AVAILABLE RECORDS section start
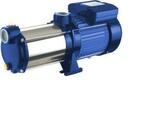 Многоступенчатый насос Unipump МН - 1000 С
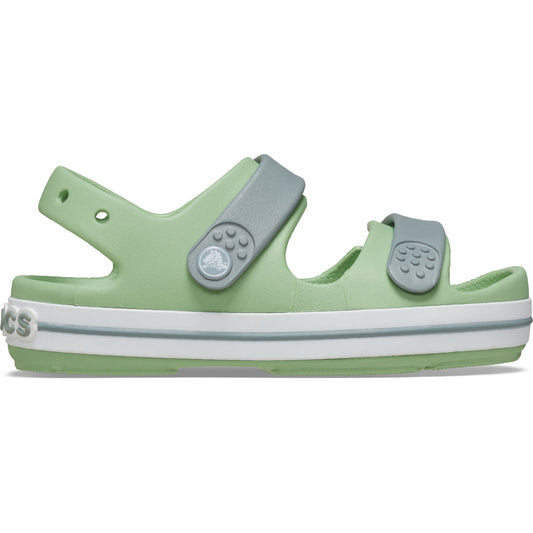 Image for SKU 209424-3WD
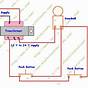 2 Chime Doorbell Wiring Diagram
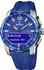 Festina Connected D Hybrid-Smartwatch Herren Titan (F23000/G)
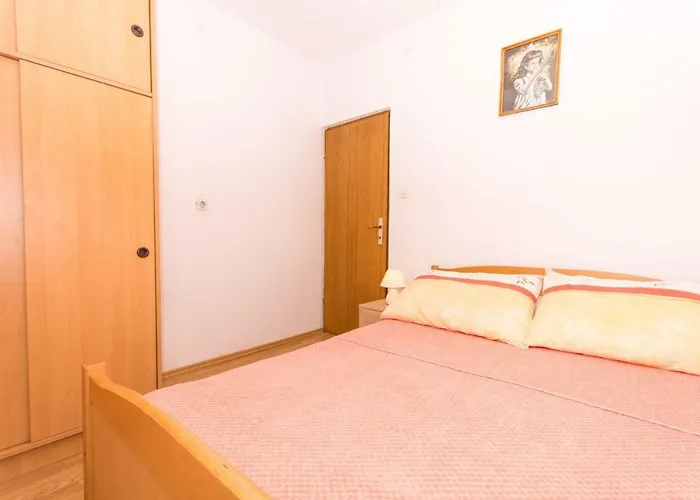 House Vlajcevic *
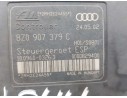 Recambio de abs para audi a2 (8z) 1.6 fsi referencia OEM IAM 8Z0907379C 10020600334 ATE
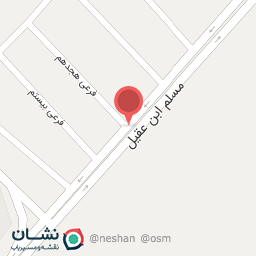 عکس ابزار حمید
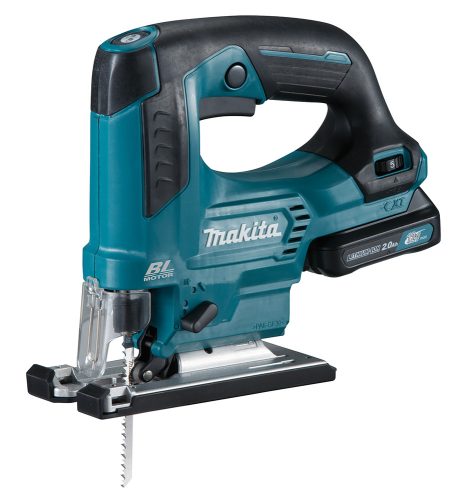 MAKITA-JV103DSAJ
AVAILABLE RECORDS section end
Return exactly the line containing "2 Chime Doorbell Wiring Diagram" and every line after it, up to and including the final line of the entries above. Pictures stay out.

 2 Chime Doorbell Wiring Diagram
 Festina Connected D Hybrid-Smartwatch Herren Titan (F23000/G)
 House Vlajcevic *
 Recambio de abs para audi a2 (8z) 1.6 fsi referencia OEM IAM 8Z0907379C 10020600334 ATE
 عکس ابزار حمید
 MAKITA-JV103DSAJ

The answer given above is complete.